Wilson Mar bio photo

Wilson Mar

Hello!

Calendar YouTube Github

LinkedIn

Don’t avoid them. Don’t fear them. Make them your friend. Here and now.

US (English)   Norsk (Norwegian)   Español (Spanish)   Français (French)   Deutsch (German)   Italiano   Português   Estonian   اَلْعَرَبِيَّةُ (Egypt Arabic)   Napali   中文 (简体) Chinese (Simplified)   日本語 Japanese   한국어 Korean

Overview

JOKE: ‘Some people, when confronted with a problem, think, “I know, I’ll use regular expressions.” Now they have two problems.’ - J. Zawinski

NOTE: Content here are my personal opinions, and not intended to represent any employer (past or present). “PROTIP:” here highlight information I haven’t seen elsewhere on the internet because it is hard-won, little-know but significant facts based on my personal research and experience.

Why Do We Care About Regex?

The term regular expression is often abbreviated as “regex” or “regexes” in plural.

A regular expression is a “formula” for matching strings that follow some pattern in order to operate on a subject character string.

Text in HTML, log files, text files containing data, etc. are parsed in order to validate for correct formatting, to extract substrings, or to replace content.

RegEx parsing is used by code scanners to identify patterns of coding that may be vulnerable to hacking (see OWASP).

The Perl ("Practical Extraction and Report Language") language became popular partly because of its extensive support for regular expressions. Perl allows embedding of regular expressions in file tests, control loops, output formats, etc.

Different RegEx Engine Flavors

Beware that vendor competitive urges has resulted in several versions of regular expressions:

  1. regex101.com lists the different “flavors” of RegEx engines:

    • PCRE v2

    • PCRE v1 is what Splunk uses (at time of writing).

    • ECMAScript (used in JavaScript)

    • Golang

    • .NET (C#)

    • Rust

    • The historical Simple Basic Regular Expression (BRE) notation, described as part of the regexp() function in the XSH specification, which provide backward compatibility, but which may be withdrawn from a future specification set.

    • The GNU operating system’s regex package are available using ftp from ftp.gnu.org.

    • Compilers of programming languages Perl, Python, Emacs, Tcl, and .NET use a backtracking regular expression matcher that incorporates a traditional Nondeterministic Finite Automaton (NFA) engine. So the standardized POSIX NFAs is slower.

    • Utility programs initially developed for unix – awk, egrep, and lex – use a faster, but more limited, pure regular expression Deterministic Finite Automaton (DFA) engine.

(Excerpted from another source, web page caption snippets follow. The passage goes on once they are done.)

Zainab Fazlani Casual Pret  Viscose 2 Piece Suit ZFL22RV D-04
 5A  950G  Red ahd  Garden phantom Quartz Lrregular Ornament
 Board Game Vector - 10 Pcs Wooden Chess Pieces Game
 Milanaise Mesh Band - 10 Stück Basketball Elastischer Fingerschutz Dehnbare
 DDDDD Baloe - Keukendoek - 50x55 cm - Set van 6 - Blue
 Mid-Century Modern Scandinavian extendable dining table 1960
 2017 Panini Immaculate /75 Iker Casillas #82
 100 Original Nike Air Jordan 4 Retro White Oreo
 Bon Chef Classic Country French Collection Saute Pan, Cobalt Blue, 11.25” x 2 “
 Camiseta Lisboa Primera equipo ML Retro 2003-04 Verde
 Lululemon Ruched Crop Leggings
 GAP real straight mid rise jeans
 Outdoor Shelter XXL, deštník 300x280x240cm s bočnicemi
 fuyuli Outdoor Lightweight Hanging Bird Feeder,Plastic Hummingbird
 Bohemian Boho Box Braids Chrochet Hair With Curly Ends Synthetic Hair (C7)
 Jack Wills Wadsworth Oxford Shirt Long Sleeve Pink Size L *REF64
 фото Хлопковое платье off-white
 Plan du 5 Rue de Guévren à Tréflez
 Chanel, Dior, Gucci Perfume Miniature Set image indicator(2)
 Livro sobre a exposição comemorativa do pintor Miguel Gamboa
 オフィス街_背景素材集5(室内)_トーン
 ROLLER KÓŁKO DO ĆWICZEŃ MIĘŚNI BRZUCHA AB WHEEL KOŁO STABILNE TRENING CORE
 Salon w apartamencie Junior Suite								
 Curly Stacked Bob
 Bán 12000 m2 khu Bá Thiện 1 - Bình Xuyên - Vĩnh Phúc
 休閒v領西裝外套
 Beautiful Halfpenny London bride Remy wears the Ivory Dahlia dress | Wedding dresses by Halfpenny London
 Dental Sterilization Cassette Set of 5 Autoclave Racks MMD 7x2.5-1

    • The Extended Regular Expressions (ERE) version complies with the internationalized ISO/IEC 9945-2:1993 standard. It matches based on the bit pattern used for encoding the character, not on the graphic representation of the character (which may represent more than a one bit pattern).

    • Microsoft’s .NET Framework regular expressions are said to be compatible with Perl 5 regular expressions, but include features not yet seen in other implementations, such as right-to-left matching and on-the-fly compilation.

    NOTE: Parsing C/C++ style comments are a little more complex when you have to take into account string embedding, escaping, and line continuation. For example, the match routine of the C language library, accepts strings that are interpreted as regular expressions.

Try It Now

TIP: The easiest way to learn this is to take a hands-on approach and manually work through some patterns.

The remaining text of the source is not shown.